Repeat the data exactly, please; no pictures belong in the copy.

-- Provided material follows --

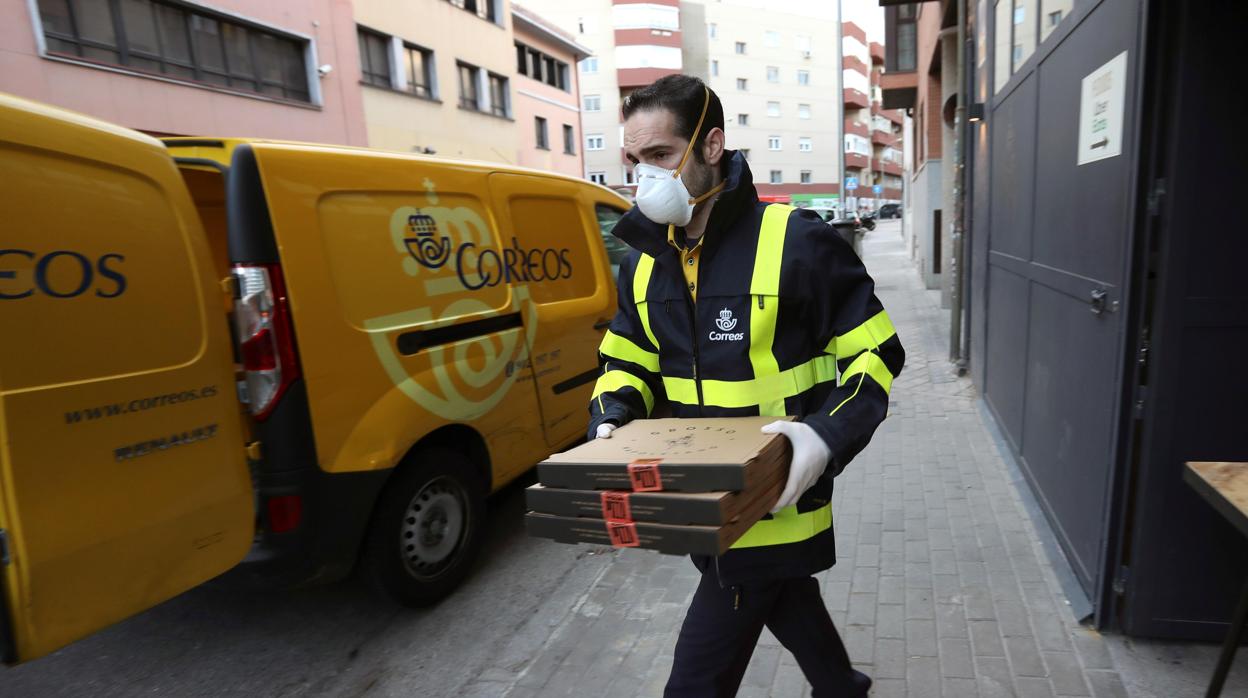 Funcionario de Correos repartiendo Pizzas al personal sanitario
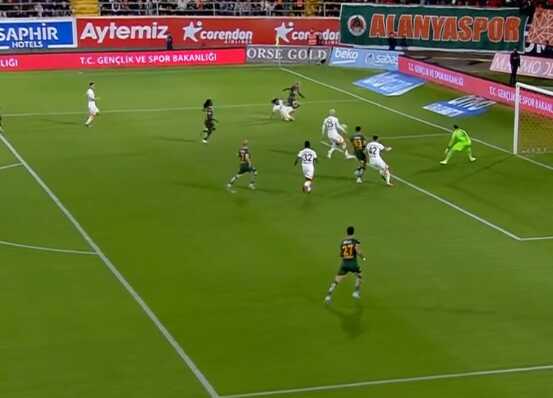 Galatasaraylılar çılgına döndü! Bitigen'in çaldığı penaltı kıyameti kopardı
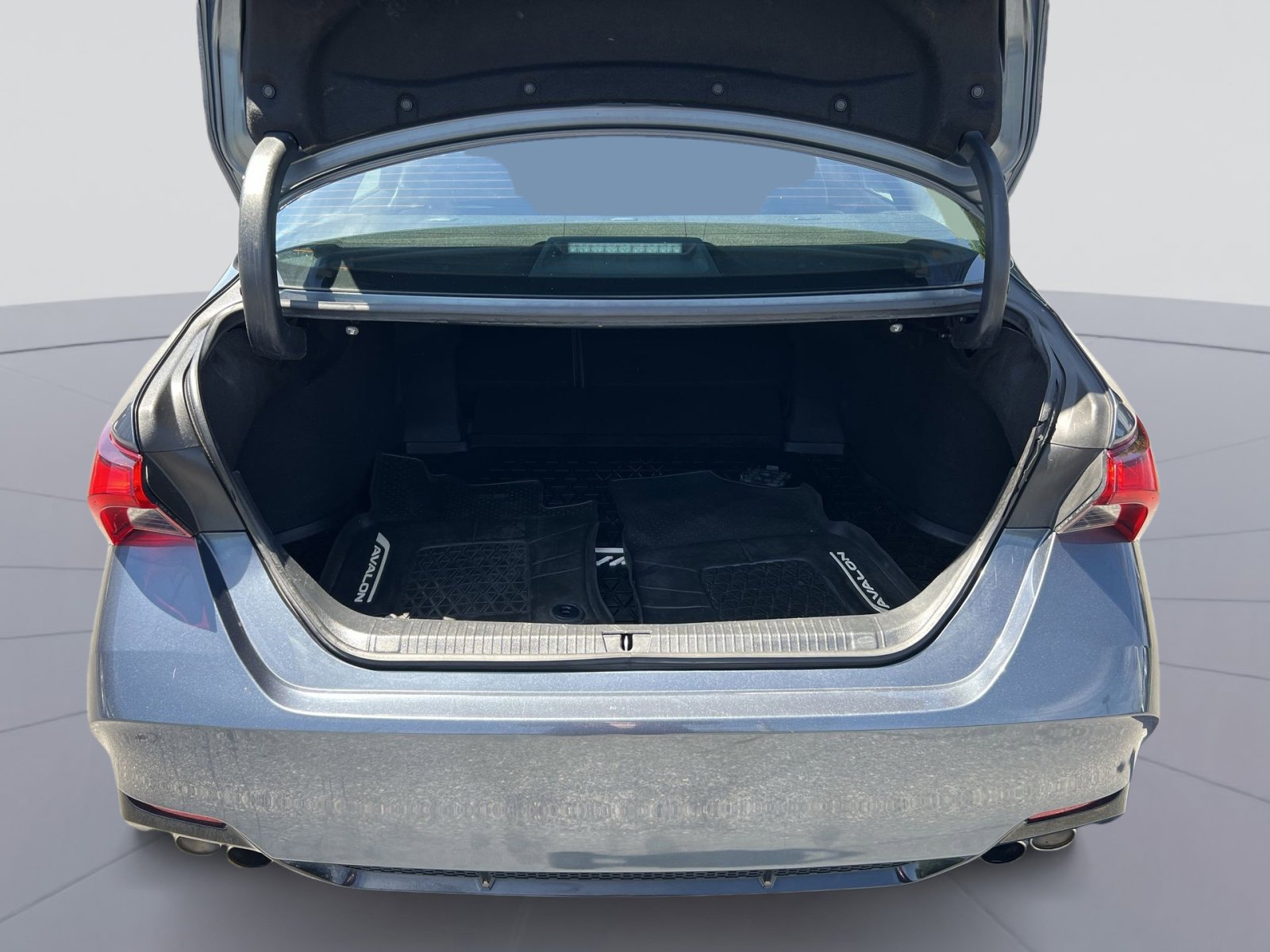 Used 2019 Toyota Avalon XSE w/ All Weather Liner Package FWD image 25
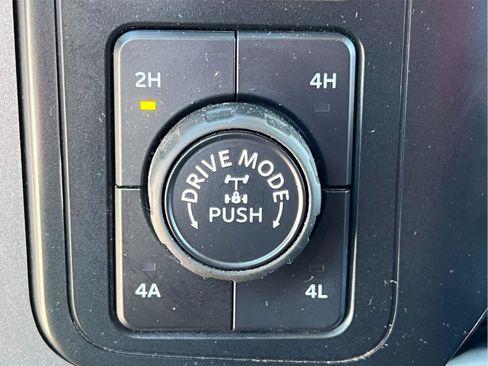Used 2023 Ford F150 Lariat w/ Equipment Group 502A High AWD/4WD image 47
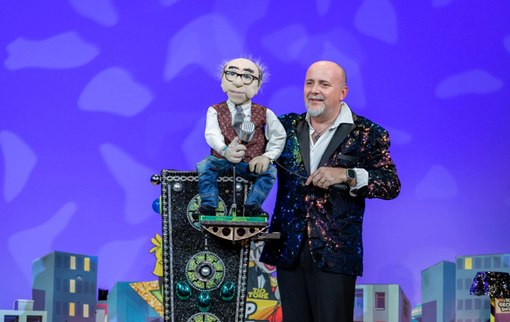 Esclusiva estate di eventi, musica, comicità e danze d’autore al Roof Garden del Casinò di Sanremo Esclusiva estate di eventi, musica, comicità e danze d’autore al Roof Garden del Casinò di Sanremo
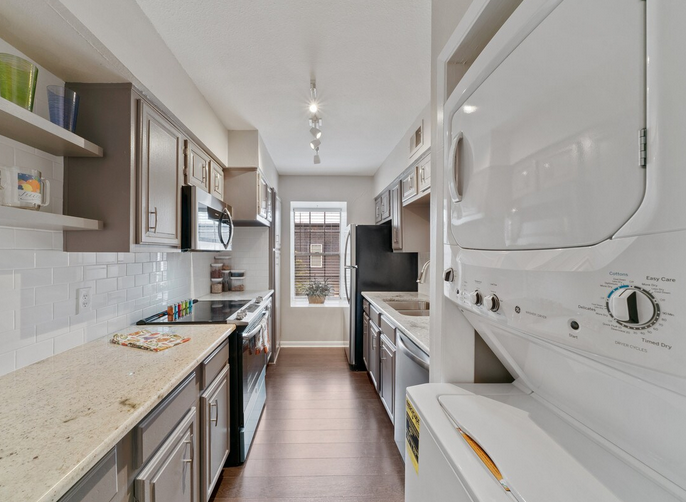 San Antonio Condo: 7834 Broadway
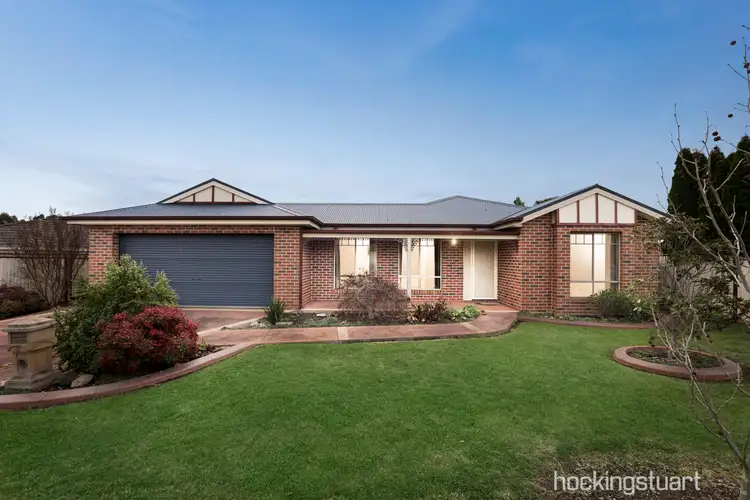 8 Lovat Place, Melton VIC 3337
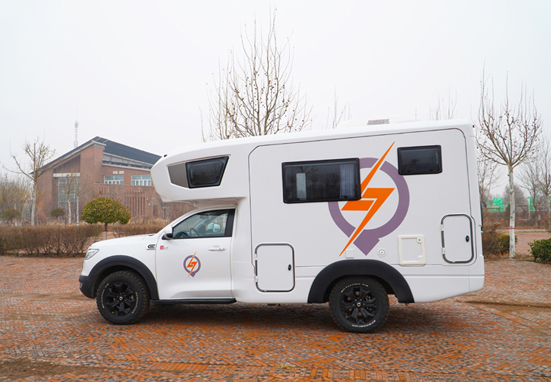 夏季，這里溫度剛好，還適宜選房車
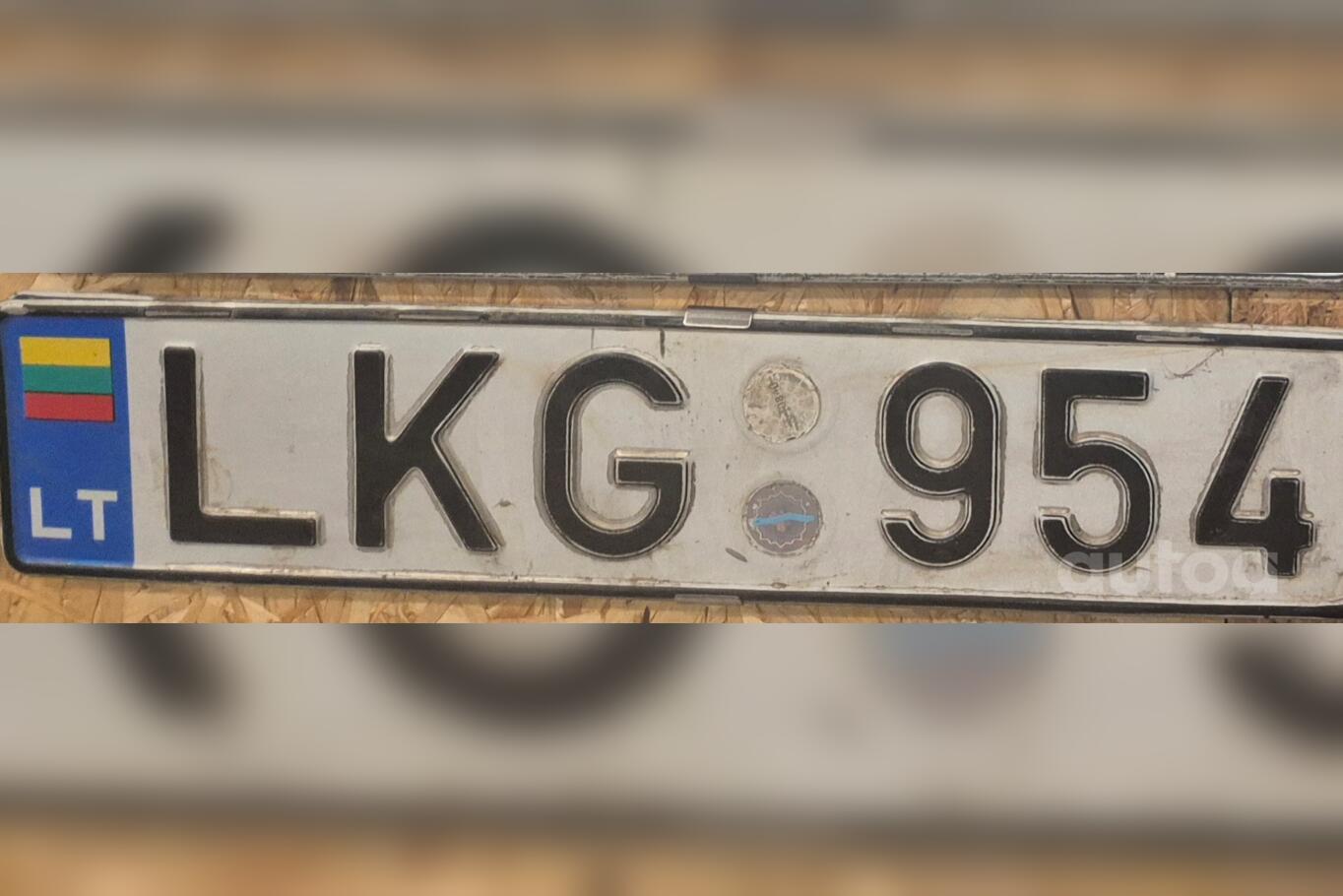 LKG954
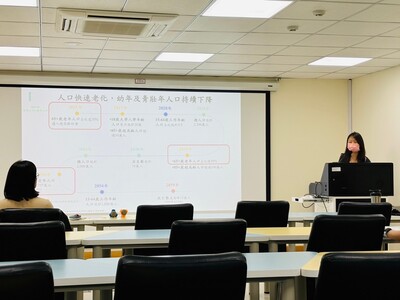 中心張麗娟助理研究員報告研究案進度圖片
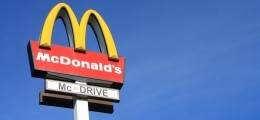 Минимальная зарплата в американском McDonald’s превысила доходы 97% населения России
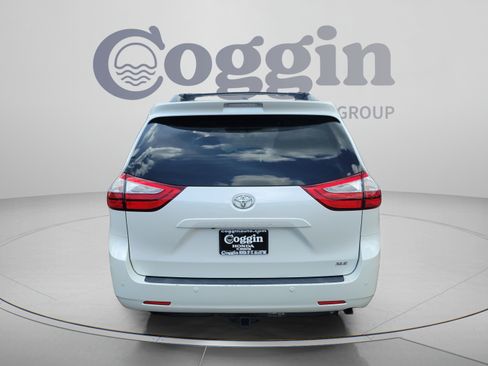 Used 2015 Toyota Sienna XLE w/ XLE Navigation Package FWD image 4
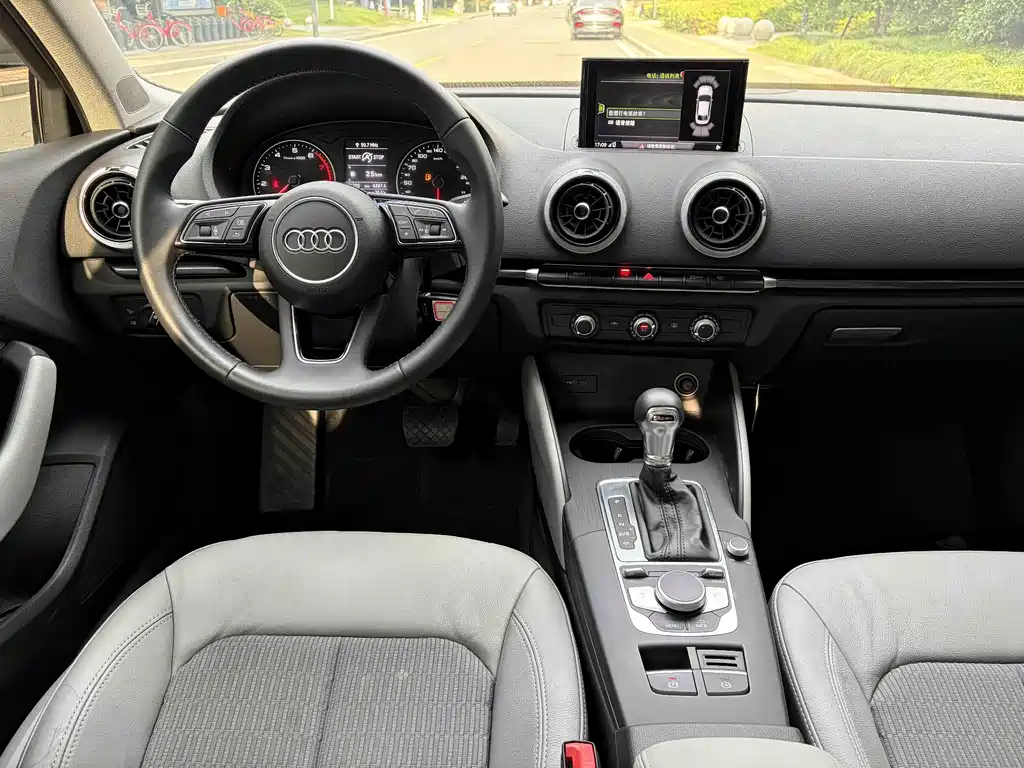 Audi A3 2018 — фото 12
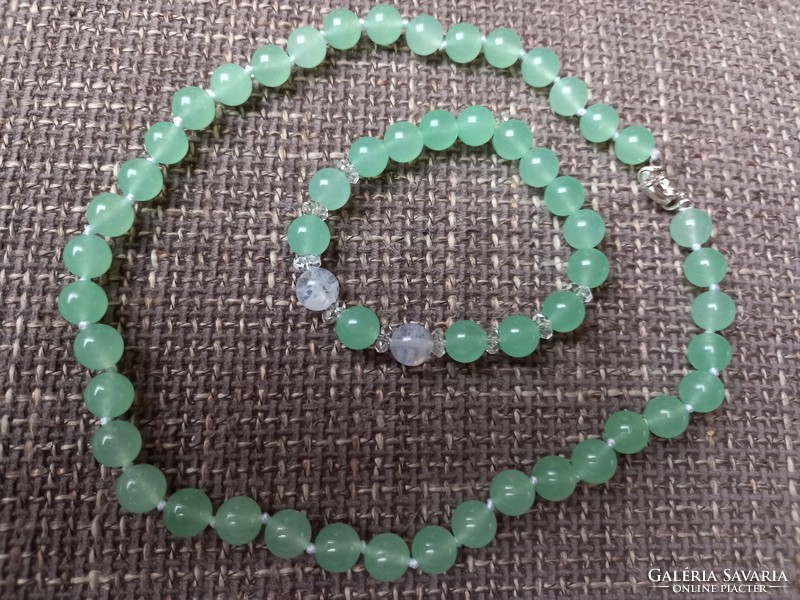 Jade necklace and bracelet set from China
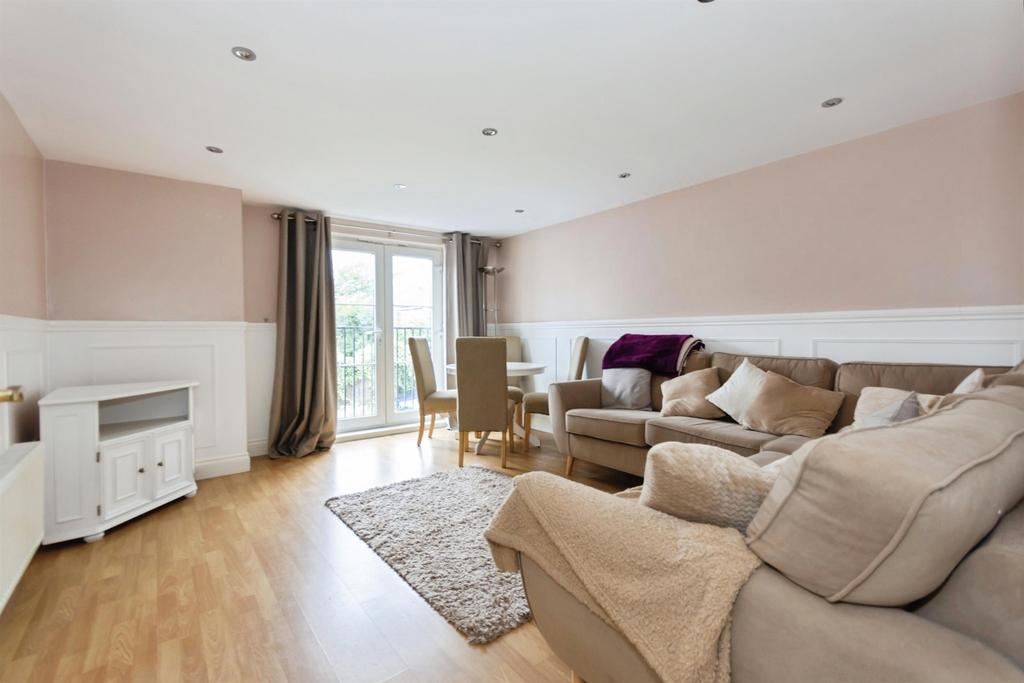 Apartment in Birmingham, Acocks Green - View 2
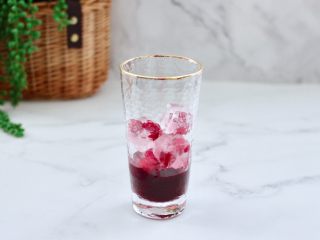 8、蔓越莓桑葚气泡水,杯中再加入冰冻好的的一半蔓越莓果冰块。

-- Provided material concluded --

Completed exercise:
 Funcionario de Correos repartiendo Pizzas al personal sanitario
 Galatasaraylılar çılgına döndü! Bitigen'in çaldığı penaltı kıyameti kopardı
 Used 2019 Toyota Avalon XSE w/ All Weather Liner Package FWD image 25
Used 2023 Ford F150 Lariat w/ Equipment Group 502A High AWD/4WD image 47
 Esclusiva estate di eventi, musica, comicità e danze d’autore al Roof Garden del Casinò di Sanremo Esclusiva estate di eventi, musica, comicità e danze d’autore al Roof Garden del Casinò di Sanremo
 San Antonio Condo: 7834 Broadway
 8 Lovat Place, Melton VIC 3337
 夏季，這里溫度剛好，還適宜選房車
 LKG954
 中心張麗娟助理研究員報告研究案進度圖片
 Минимальная зарплата в американском McDonald’s превысила доходы 97% населения России
 Used 2015 Toyota Sienna XLE w/ XLE Navigation Package FWD image 4
 Audi A3 2018 — фото 12
 Jade necklace and bracelet set from China
 Apartment in Birmingham, Acocks Green - View 2
 8、蔓越莓桑葚气泡水,杯中再加入冰冻好的的一半蔓越莓果冰块。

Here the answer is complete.